To be, or not to be fault tolerant! Or fault intolerant?

Posted on Updated on

IMG_20180723_183441Semiconductors is a tough business, and definitely not for the faint hearted, said Suman Narayan, senior VP, for Semiconductors, IoT and Analytics, Cyient. If you are in DFT, you are in the insurance business. He was moderating a panel discussion on ‘fault tolerance vs. fault intolerance’.

Rubin Parekhji, senior technologist, Texas Instruments, said that a system is fault tolerant if there is no error. An app is fault tolerant if there is no intolerant fault. An affordable system should be fault tolerant. Which faults are important? How are hardware-software fault tolerant?
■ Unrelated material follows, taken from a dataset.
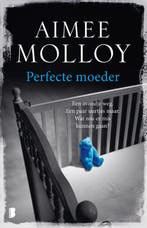 Perfecte moeder 9789022588642 Aimee Molloy, Boeken, Verzenden, Zo goed als nieuw, Aimee Molloy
For instance, if not done well, it will lead to bulky devices. There is a need to optimize and differentiate. There is a need to build fault tolerant systems using fault intolerant building blocks.

Jais Abraham, director of engineering, Qualcomm, said that device complexity has increased 6X times since 2010. There is a disproportionate increase in test cost vs. node shrink benefits. Are we good at fault finding? It’s our fault. Be intolerant to faults, but don’t be maniacal. Think of the entire gamut of testing. Think of the system, and not just the chip. Think of the manufacturing quality, and find remedies. Fault tolerance may mean testing enough such that it meets the quality requirements of customers, who are becoming intolerant. We continue to invest in fault tolerance architectures.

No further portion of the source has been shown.